The EV/Sales multiple is at a premium to Wire and Wireless, the only other listed peer, while the EV/EBITDA multiple is at a discount.

The cable industry may face several scalability hurdles, with the limited growth in television households, the pace conversion of analogue networks to digital ones and within that conversion of free-to-air viewers to pay-channel mode, all subject to uncertainty.

Den is a cable network operator with a limited two year operational history. Its 2008-09 revenues stood at Rs 719.3 crore, with wafer thin operating margins, from just Rs 81 crore the previous year. This growth, especially over the last one year has been possible due to the inorganic route that it took.

The company acquired majority interest in as many as 65 MSOs (multi-system operators) to expand its footprint across nine States last year. A Media Partners Asia report states that the company provides cable television services to 10 million homes.

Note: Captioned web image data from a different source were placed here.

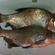 Carp bream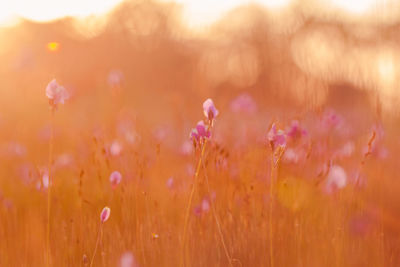 Close-up of pink flowering plants on field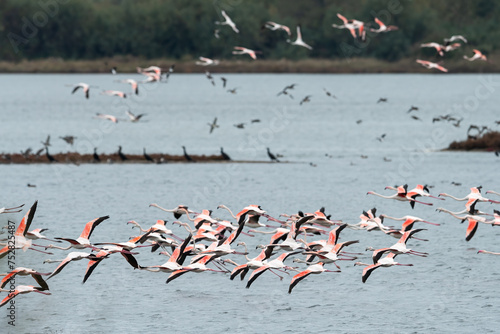 A group of Greater Flamingos flying over water
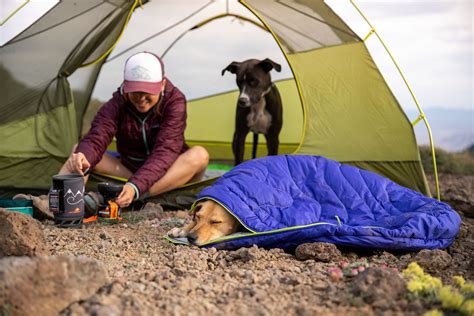 Canine Capers: What You Need to Know About Camping with Your Dog ...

Though the telecom regulator mandating conditional access in 55 cities across the country by 2011 is a positive for the company, there may still be limited scope for growth in subscribers.
Industry challenges

Many of the challenges that Den would face affect the entire cable distribution industry. A recent report from PricewaterhouseCoopers indicates that the number of TV households would grow at just 2.7 per cent annually over 2009-13 to 135 million. Further, the report states that the number of cable households would grow from 71 million in 2008 at just 2.4 per cent annually from 2009 to 80 million by 2013.

A FICCI-KPMG report predicts a higher 5.7 per cent annual growth rate. This means that the TV household universe and within that cable television do not enjoy very rosy growth prospects.

Den is also conspicuous by its absence in lucrative markets such as Tamil Nadu, Andhra Pradesh and West Bengal, which have high number of TV and cable TV households.

Till such time Den is able to completely convert its entire network to a digital one, it may also have to grapple with the menace of local cable operators under-reporting revenues.

Even after full digitisation of its cable network is achieved, Den still faces the challenge of getting its viewers to subscribe to pay channels, which is the key revenue driver.

Empirical data suggest that the adoption of conditional access even in the metros has been slow, with most of the households content with free-to-air channels.

A report from TRAI gives out the fact that only a little over eight lakh set-top boxes have been installed in the four metros put together as of June 2009.

Even after digitising, a viewer has the option of not taking a set-top box and view only free-to-air channels. Regulatory controls on pricing also pose a threat with the regulator in fact mandating a Rs 77 package with 30 free-to-air channels. Den would thus face considerable challenge in getting households to adopt set-top boxes to drive the revenues per user.

DTH (direct-to-home) players, all backed by some of the largest conglomerates in India, are also turning the heat on cable operators by rapid subscriber addition. There are now five DTH players in the country, and all of them have fairly deep pockets. The number of DTH subscribers has already touched 16 million, which is quite large given that most of the new DTH players started operation only over the last 12-18 months.

With its reach and simplicity in delivering the last mile connectivity, DTH may be the real growth driver even if there is a trend towards digital television.

With tailor-made packages, capability to deliver both free and pay channels, and ability to drive value-added services, DTH ARPU (average revenue per user), which is in the Rs 150-160 range, could grow over the next few years.

Evidence to this fact is that latest hit-movies are being made available to DTH viewers with 2-3 weeks of their release for a fee that is much cheaper than going to a cinema hall or multiplex.

The PwC report states that DTH households are likely to increase to 35 million by 2013. Cable TV homes represent 89 per cent of the 80 million pay TV homes in 2008. This is projected to come down to 70 per cent by 2013, largely due to the share gains for DTH.